Olmert's speech, if devoid of policy specifics and innovations in approach, was a perfectly serviceable affirmation of the Israeli consensus on Iran. But such is the disdain for the prime minister--because of his lackluster performance in the Hezbollah war, because of the collapse of his policy calling for Israeli withdrawal from the West Bank, and because of the several criminal investigations looming over him--that Israelis were unwilling to cut him any slack. As my dinner companion, a former prosecutor in the state attorney's office and now a distinguished lawyer in private practice, put it a moment after Olmert concluded, "You don't get any credit for giving a speech pointing out that tomorrow the sun will rise in the east."

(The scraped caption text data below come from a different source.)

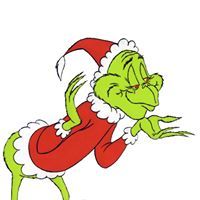 Rafael Delgado Labastida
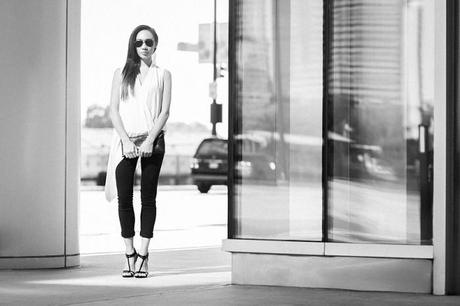 City Fabulous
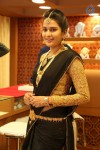 8th Hyderabad Jewellery n Gem Fair - 44 of 109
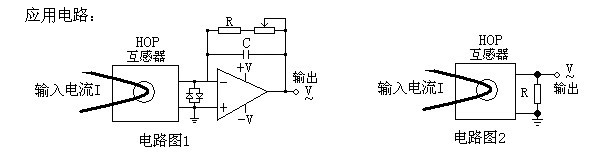 STA801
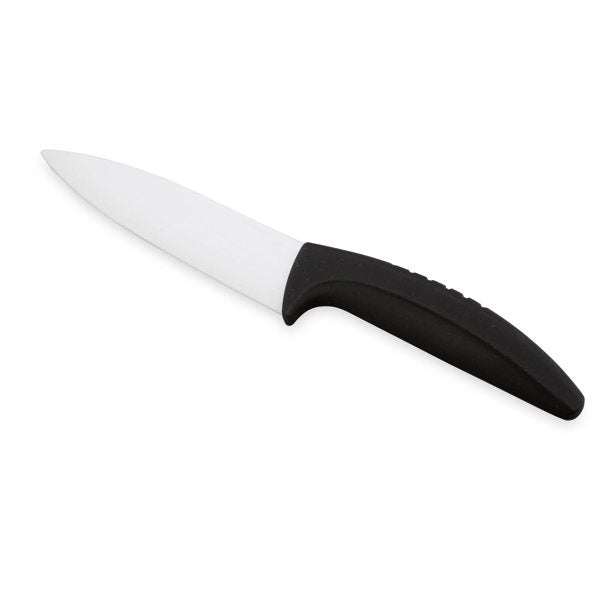 Couteau céramique 12 cm Lacor - Mathon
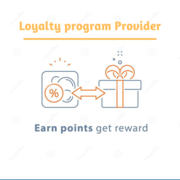 Keep your customers closer with the best loyalty program providers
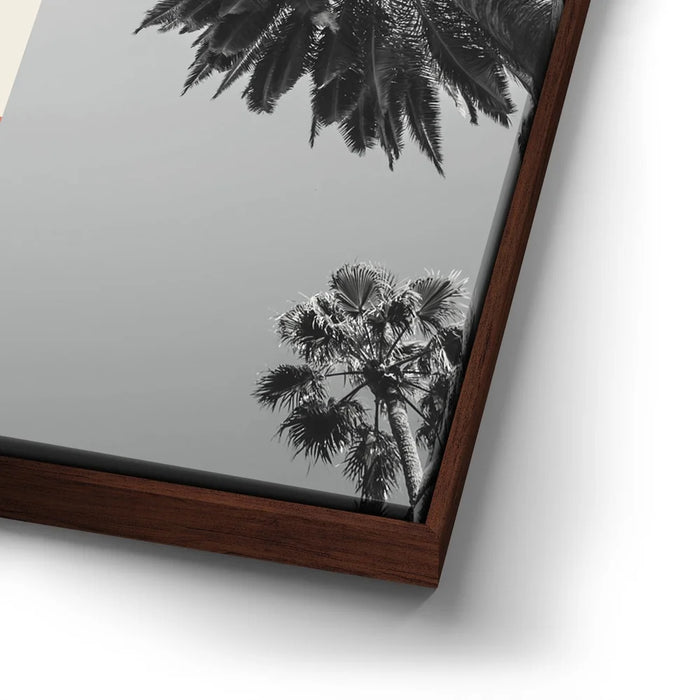 Featured image 14 for The Beverly Hills Hotel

Perhaps the most immediate national security challenge Israel faces comes from within. It consists in reforming the Israeli political system so that it will raise up leaders of whom the nation can be proud and who can be trusted to refine and carry out the people's will.
Peter Berkowitz teaches at George Mason University School of Law and is the Tad and Dianne Taube senior fellow at Stanford's Hoover Institution.